In a time when most young players are drawn to the T20 format, it is a refreshing proclamation from the teenager, who made his national U15 team at the age of 11, and who recently returned home from Grenada where the Windward Islands Volcanoes staged a two-week special apprenticeship programme for a few U19 players.
Theo described his stay in Grenada as being beneficial.
“It was a good experience. The standard was very high. I learnt a lot about my batting, and mentally,” he said revealing that he has made some technical improvements.
“When I am facing spin I don’t really go deep in my crease. I learned you have to go deep, back and across so you get more time to see the ball,” he said, adding that. “My head was always falling away so I learned to keep my head straight and that helped me play the ball straighter.”

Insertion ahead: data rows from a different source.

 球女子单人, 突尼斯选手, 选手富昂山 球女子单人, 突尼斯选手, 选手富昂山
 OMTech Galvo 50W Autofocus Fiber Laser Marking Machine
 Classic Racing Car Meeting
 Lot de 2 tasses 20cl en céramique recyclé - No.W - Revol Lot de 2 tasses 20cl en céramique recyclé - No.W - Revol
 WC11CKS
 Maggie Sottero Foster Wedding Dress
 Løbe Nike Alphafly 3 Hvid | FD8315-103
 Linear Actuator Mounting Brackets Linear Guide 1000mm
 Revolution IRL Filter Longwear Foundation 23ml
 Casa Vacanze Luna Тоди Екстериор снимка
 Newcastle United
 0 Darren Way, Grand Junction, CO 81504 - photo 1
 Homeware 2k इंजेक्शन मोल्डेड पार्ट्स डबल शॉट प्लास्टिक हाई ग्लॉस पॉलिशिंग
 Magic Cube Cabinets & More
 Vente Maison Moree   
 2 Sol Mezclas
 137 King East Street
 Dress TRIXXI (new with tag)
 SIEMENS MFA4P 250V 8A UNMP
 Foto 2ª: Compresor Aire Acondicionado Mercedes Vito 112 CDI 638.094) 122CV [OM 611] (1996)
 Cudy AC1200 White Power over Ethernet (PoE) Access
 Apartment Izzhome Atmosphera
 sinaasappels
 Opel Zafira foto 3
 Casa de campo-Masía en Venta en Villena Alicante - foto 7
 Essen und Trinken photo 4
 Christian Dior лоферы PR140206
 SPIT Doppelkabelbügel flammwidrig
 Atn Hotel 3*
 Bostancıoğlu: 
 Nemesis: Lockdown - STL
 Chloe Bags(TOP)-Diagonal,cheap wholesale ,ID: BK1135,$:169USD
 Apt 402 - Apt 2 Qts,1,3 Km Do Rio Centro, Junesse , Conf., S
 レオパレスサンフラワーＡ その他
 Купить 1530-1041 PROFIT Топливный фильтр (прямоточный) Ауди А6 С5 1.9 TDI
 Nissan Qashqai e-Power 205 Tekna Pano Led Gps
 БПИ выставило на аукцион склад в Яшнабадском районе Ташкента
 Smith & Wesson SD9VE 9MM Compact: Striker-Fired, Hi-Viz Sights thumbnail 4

Theo, who WICB President Dr Kishore Shallow has described as a special talent, began showing an interest in the sport at age nine after his father, Cassius, a bus/taxi driver, began taking him on trips while transporting some West Indies stars while they were in St Lucia.
“Everywhere I go I used to take Theo with me,” the elder Edward said. “All the big stars, and he used to hold the bat and the ball and one day he said “Daddy, I am really interested in cricket and I must be a cricketer one day. But I never thought Theo would take that thing so serious.”
How serious?
“Theo’s life is cricket. You will never come home and Theo isn’t having some cricket watching,” Cassius revealed. “He sleeps with a bat and a ball under his head every single night.”
Theo, the second of the Edward’s two children – he has an older sister Cassie – said his father has been his biggest supporter since he first picked up a bat.
“My father offers the most support to me because he is always at my training sessions, he is always at my games, always looking for gears for me,” he said.
In the past week or so, Cassius has been attending games in the St Lucia schools U19 Tournament in which Theo has been filling his boots. He scored 49 in his team’s victory against Choiseul Secondary, 94 out of a score of 173 in a losing cause to Leon Hess Secondary and on Thursday, scored an unbeaten 40 and took five wickets in a comprehensive victory over Patricia D. James Secondary.
The doting father does so with great pride even though he has sometimes taken flak from other members of the family for his unwavering support for his son’s cricketing ambitions at the expense of his academics.
“Theo’s mother and I were in trouble for him playing cricket,” he recalled.
“When Theo wrote exams for Common Entrance, he didn’t do good at all and I got bashed from my own family who said because of me Theo didn’t do good. But right now everybody is following cricket everywhere Theo goes.”
Besides his father’s support, Theo’s development is in good hands. At school he leans on the experience and wisdom of coach Garey Mauthrin, the former West Indies and Windward Islands left-hander and his staff as well as Alton Crafton, who always has Theo’s ear.
“Alton Crafton is a man who knows a lot about Theo when it comes to cricket. Theo has a lot of respect for Alton and I believe that is why Alton loves him so much because of his patience and he is very disciplined,” said Cassius, who believes his unswerving commitment to his son will one day be rewarded.
“I am so proud. I will turn down any trip, big trip, big money to take Theo anywhere there is cricket, you know. I am very proud now and it is about to pay me all my time.
“Theo always tells me ‘Daddy, don’t worry. All that money and all that time you spend with me I will triple that for you. Don’t worry’.”